The space program has finally lost its novelty and a jaded public hardly notices another moon launch. Skillful PR admen preserve the illusion that the missions have become routine, but Colonel Richard Martin has a different story . . . of panic in deep space, of crewmen pushed beyond their breaking points, of official indifference towards his own shattered life. Martin had been to the moon and back, but he would never be sent there again, suffering a nervous breakdown in orbit. He is put under wraps until the pilot of a capsule loaded with nuclear weaponry goes berserk and unleashes a nightmare that threatens to consume the world. Only Martin can end it . . .
The Falling Astronauts is a paradigmatic example of New Wave science fiction that goes where no man has gone before, but also goes insane. Together with Galaxies and Beyond Apollo, it forms an anti-oedipal trilogy unlike anything else in twentieth century SF.

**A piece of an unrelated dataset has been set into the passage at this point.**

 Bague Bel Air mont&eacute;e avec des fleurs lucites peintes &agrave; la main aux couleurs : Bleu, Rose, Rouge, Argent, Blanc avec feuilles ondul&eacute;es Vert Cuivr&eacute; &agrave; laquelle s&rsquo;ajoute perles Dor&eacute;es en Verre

BARRY N. MALZBERG is an American writer, editor and agent. His prolific career has spanned numerous genres, most notably crime and science fiction. Malzberg was particularly active in the SF scene of the early seventies, although he became disillusioned with the market forces defining the field and has rarely published SF works since. His most recent activity in the field has been in the form of advice columns for writers in the quarterly magazine of the Science Fiction and Fantasy Writers of America. Malzberg won the John W. Campbell Memorial Award for his novel Beyond Apollo in 1973. Over the years, his writing has been shortlisted for the Hugo, Nebula, and Philip K. Dick Awards, among others.